I have recurring nightmares about not being able to save an animal. Sometimes it’s that kitten; the image of its suffering still burned into my mind. Sometimes it’s a squirrel seizing on the pavement; I pick it up, helpless, not knowing what to do. Sometimes it is my own cat. I dream she has cancer I can’t cure.
It is, truly, my absolute worst fear: to stand in front of a suffering creature and have nothing to offer.

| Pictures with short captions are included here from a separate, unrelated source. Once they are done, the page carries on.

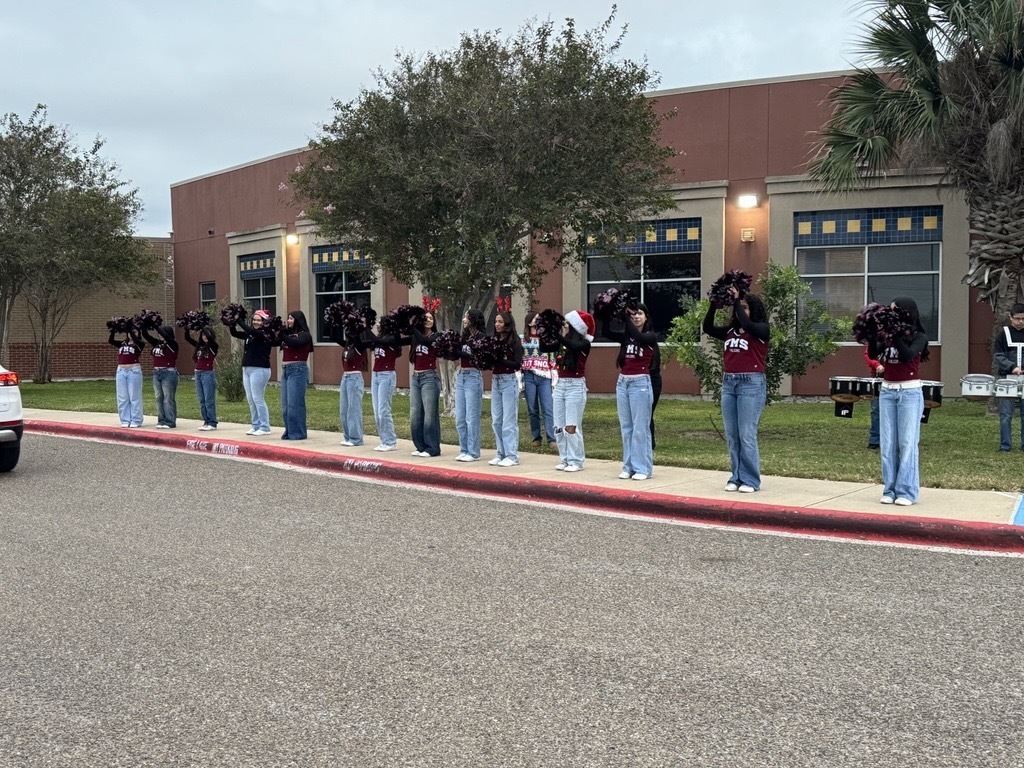 Operation Blue Santa; students and officers stand around toys that will be given to the community. 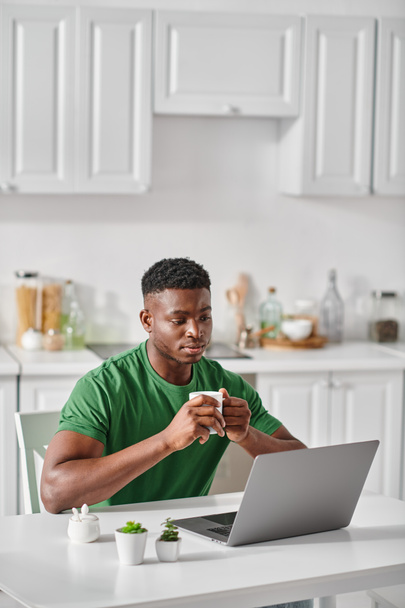homme afro-américain profiter d'une tasse de café tout en utilisant un ordinateur portable dans la cuisine, pigiste à la maison - Photo, image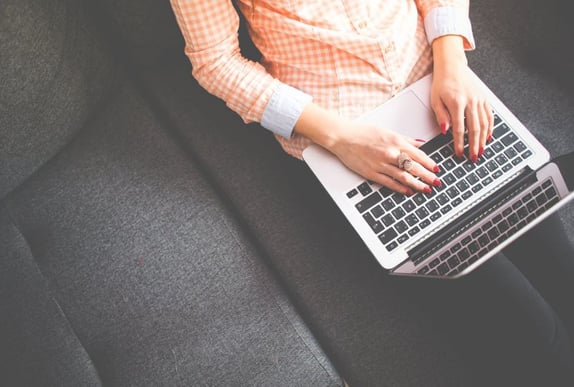 Woman sat on a sofa with laptop open to represent content mapping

Perhaps that fear, more than anything else, is what drives me to become a vet. Not just curiosity. Not just love. I want to learn and be trained so that when I see an animal suffer, I don’t freeze. So I can do something to end its suffering; either help heal it, or help it leave pain behind with more peace than that kitten in the alley had.
“It’s time,” it says. “That being’s life and death belongs to me, not yours to carry.”
I know this is something I will struggle with, and will have to make peace with at some point. Because sometimes, even when you have given everything you have, even when you have tried your absolute f*cking best—you still can’t save them. And that’s just the universe moving in its wondrous, mysterious way. “It’s time,” it says. “That being’s life and death belongs to me, not yours to carry.”
Is that a healthy mindset, or just a coping mechanism? I honestly don’t know.
Cancer isn’t solved yet. Neither is human ego, nor our stubborn inability to let go of what we cannot control. But I need to keep reminding myself: I’m here to help in the best way I can, not to rewrite the fate already written in the stars.




Beautiful article, thank you for sharing. Squirrel-watching is also a passtime for my family, despite the fact they steal all the bird food!
this made me cry. i know you will be a great vet and save so many innocent souls. more power to you!